The 27-member bloc wants to spend more on climate, migration, digitalization and security but net contributors refuse to pay more, and beneficiaries want to retain the support they get for farming and development.
"I hope that we make sizeable progress... It's a complicated task and certainly big differences have to be overcome," German Chancellor Angela Merkel told reporters on entering the talks.
The starting point for discussions on the size of the budget is 1.074% of the bloc's gross national income (GNI) or 1.09 trillion euros. GRAPHIC - What the EU pays for : https://graphics.reuters.com/EU-BUDGET/0100B5EX3MM/EU-BUDGET.jpg
While only a fraction of member states' national budgets, it is still seen as far too much by some and far too little by others, making it more likely that leaders will move closer to an agreement over the next two days rather than clinch a full deal.
"It would be unacceptable to have a Europe that compensates for the departure of the British by reducing its own means," French President Emmanuel Macron said. "I will take the time needed to reach an ambitious agreement. This could take several hours, several nights, several days."
The talks expose differing priorities of countries in the north and south, the east and west, and the more developed and less advanced economies.
"A third (of the budget) is still for agriculture, a third for cohesion. I cannot sign up to this proposal. The proposal is simply not good," said Dutch Prime Minister Mark Rutte, whose country is one of the net contributors that want to limit the overall size of the budget to 1.0% of GNI.
To emphasize that his position is final, Rutte said he brought along a biography of composer Frederic Chopin that he planned to read at the summit as he had nothing to negotiate.
But those who want to preserve the status quo were equally adamant.
"New areas of spending, like research or migration, defense or innovation are important policy areas, but they cannot be at the expense of cohesion and the common agriculture policy," said Polish Prime Minister Mateusz Morawiecki.
'FAR APART'
The EU budget gets money from customs duties on goods entering its single market, a cut of sales tax, antitrust fines imposed by the EU on companies, and from national contributions.
It spends money on subsidies for EU farmers, on equalizing living standards across the bloc, border management, research, security and various foreign aid program.
The Netherlands, Austria, Sweden and Denmark want to limit the budget to 1.00% of GNI. Germany, the biggest contributor, is prepared to accept a bit more, but 1.07% is too high for Berlin.
The European Commission, the bloc's executive arm, wants 1.1% and the European Parliament pushes for 1.3%.
"It is very clear member states are far apart.

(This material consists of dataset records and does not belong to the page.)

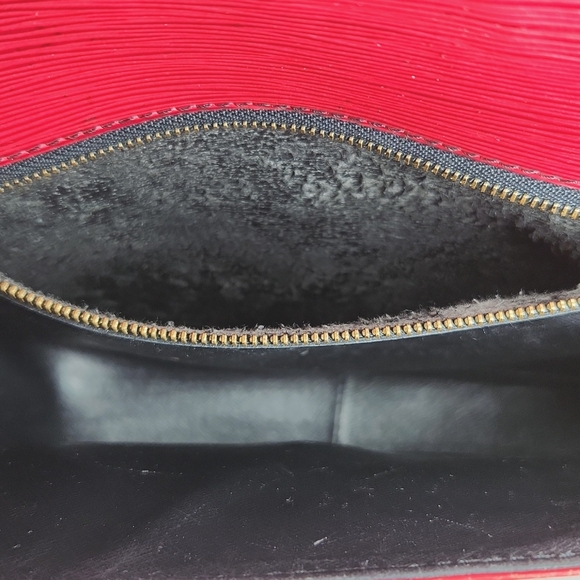 Louis Vuitton Epi Saint Cloud GM Red Crossbody Shoulder Bag Authentic - Picture 14 of 16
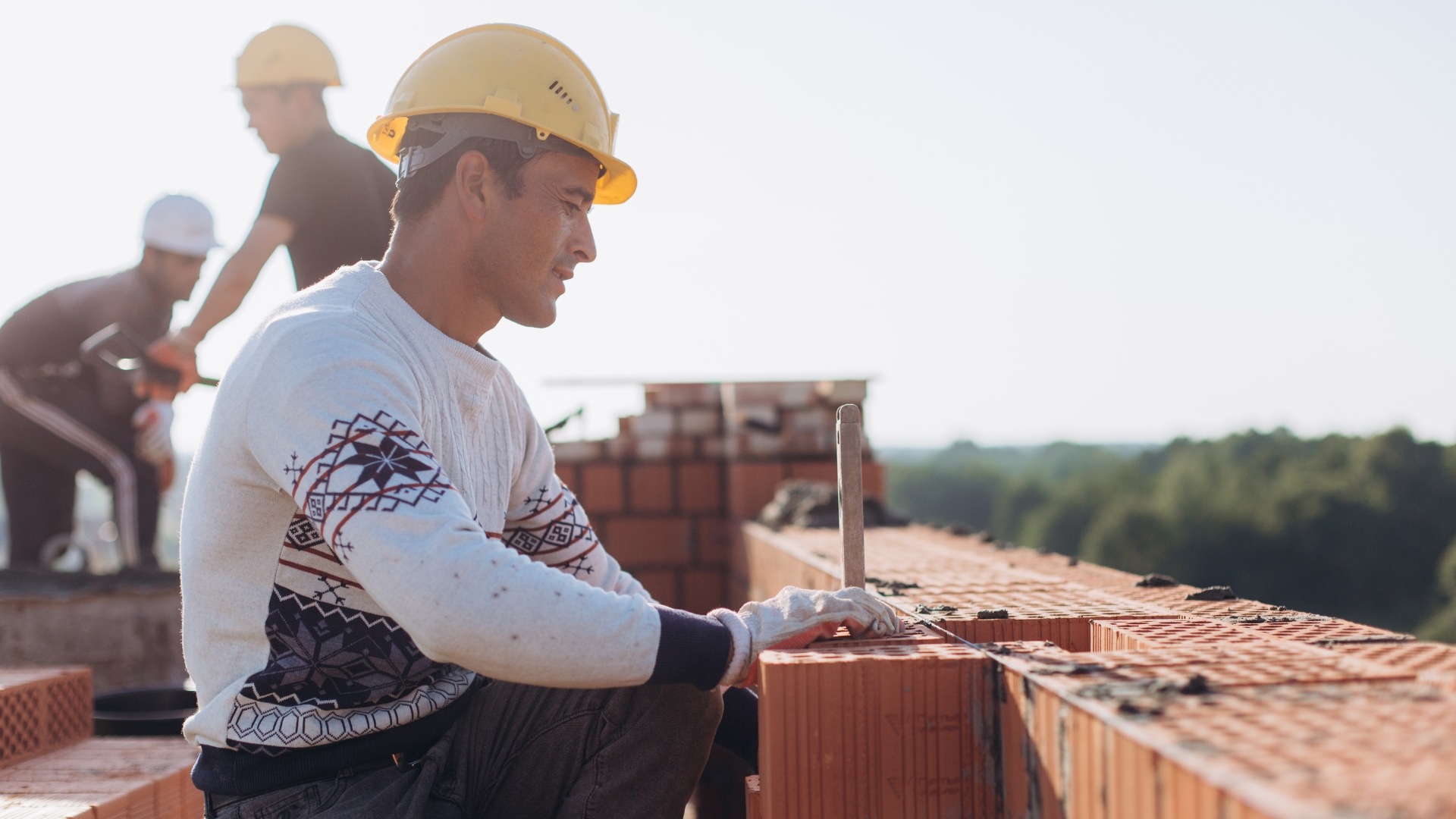 7 Concrete online marketing tips for construction companies who want to grow.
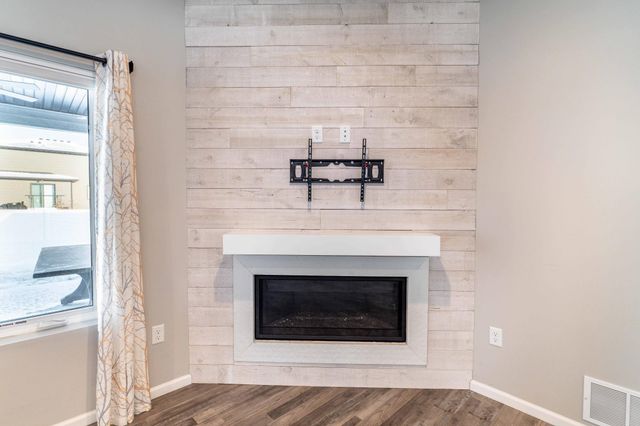 1052 50th Avenue W, West Fargo, ND 58078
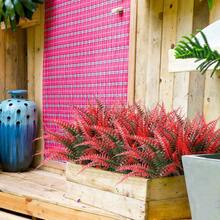 紅色人造植物,仿波士頓蕨,uv防曬假塑料灌木,適用於戶外花園,門廊,窗花裝飾 - 紅色 - 查看 8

We are fine with being net payers, but we cannot accept a dramatic increase in our fees -- that is out of the question," Swedish Prime Minister Stefan Lofven told reporters.
To help fill the Brexit gap, the Commission has also proposed scrapping rebates on budget contributions that many of the net payers now enjoy. But the net payers refuse to accept an end to the rebates.
The bloc is also looking for new sources of revenue, but the leaders are split on a proposed tax on plastic waste or sharing profits from carbon emissions trade.
Officials warn that without a deal by the end of the year, the bloc will have to freeze most of its projects from 2021.